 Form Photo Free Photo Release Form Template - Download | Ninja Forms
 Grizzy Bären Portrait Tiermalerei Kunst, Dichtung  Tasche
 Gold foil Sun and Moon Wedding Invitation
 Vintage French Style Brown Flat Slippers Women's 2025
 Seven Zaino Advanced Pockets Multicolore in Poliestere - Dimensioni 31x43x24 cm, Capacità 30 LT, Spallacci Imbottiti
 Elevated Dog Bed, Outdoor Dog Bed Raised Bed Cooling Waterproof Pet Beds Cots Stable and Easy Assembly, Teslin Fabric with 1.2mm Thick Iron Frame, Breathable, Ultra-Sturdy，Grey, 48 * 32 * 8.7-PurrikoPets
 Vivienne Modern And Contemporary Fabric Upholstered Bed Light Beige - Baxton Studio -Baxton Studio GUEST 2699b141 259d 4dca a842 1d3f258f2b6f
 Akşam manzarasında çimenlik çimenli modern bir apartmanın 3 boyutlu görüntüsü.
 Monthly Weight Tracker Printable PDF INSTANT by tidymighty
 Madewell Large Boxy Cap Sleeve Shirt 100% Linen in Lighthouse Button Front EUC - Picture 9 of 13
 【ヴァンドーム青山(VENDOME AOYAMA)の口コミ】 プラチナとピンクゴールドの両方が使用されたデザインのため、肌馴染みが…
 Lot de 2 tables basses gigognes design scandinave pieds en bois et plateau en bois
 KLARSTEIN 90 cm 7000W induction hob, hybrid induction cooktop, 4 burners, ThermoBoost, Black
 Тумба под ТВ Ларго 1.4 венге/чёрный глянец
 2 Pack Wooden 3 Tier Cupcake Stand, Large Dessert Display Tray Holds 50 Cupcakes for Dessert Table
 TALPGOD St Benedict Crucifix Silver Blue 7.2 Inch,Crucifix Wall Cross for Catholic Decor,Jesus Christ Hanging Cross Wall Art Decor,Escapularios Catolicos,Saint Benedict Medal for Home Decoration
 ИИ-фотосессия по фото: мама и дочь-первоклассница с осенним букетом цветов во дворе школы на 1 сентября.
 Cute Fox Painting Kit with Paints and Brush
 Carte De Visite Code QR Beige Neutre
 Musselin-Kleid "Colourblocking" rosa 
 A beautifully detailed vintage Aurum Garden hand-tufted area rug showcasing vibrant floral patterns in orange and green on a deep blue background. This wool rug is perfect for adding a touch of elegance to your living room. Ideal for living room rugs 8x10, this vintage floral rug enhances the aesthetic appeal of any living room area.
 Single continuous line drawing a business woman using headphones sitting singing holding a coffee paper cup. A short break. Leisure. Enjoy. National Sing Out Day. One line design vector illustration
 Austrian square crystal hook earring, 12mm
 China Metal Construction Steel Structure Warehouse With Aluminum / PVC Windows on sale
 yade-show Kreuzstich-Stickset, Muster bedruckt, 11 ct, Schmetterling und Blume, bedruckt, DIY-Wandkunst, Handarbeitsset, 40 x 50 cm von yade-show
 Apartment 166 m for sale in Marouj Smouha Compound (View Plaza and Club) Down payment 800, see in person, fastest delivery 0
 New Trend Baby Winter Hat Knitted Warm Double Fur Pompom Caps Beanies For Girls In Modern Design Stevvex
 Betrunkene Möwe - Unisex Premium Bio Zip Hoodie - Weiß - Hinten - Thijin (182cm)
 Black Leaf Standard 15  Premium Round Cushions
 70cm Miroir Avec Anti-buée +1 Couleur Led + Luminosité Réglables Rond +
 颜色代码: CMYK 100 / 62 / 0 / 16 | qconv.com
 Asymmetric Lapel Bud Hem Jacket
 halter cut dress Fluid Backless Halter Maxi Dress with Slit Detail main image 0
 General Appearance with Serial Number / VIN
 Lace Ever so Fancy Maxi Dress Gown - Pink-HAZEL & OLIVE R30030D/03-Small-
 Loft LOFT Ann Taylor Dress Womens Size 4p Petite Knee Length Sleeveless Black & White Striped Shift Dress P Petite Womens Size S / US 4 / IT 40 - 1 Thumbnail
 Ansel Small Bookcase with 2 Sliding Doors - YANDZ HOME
· · · · · · ·
_Assignment_:
Go through the material above, find each line with the string "Beige", and copy it.

_Task answer_:
 Vivienne Modern And Contemporary Fabric Upholstered Bed Light Beige - Baxton Studio -Baxton Studio GUEST 2699b141 259d 4dca a842 1d3f258f2b6f
 Carte De Visite Code QR Beige Neutre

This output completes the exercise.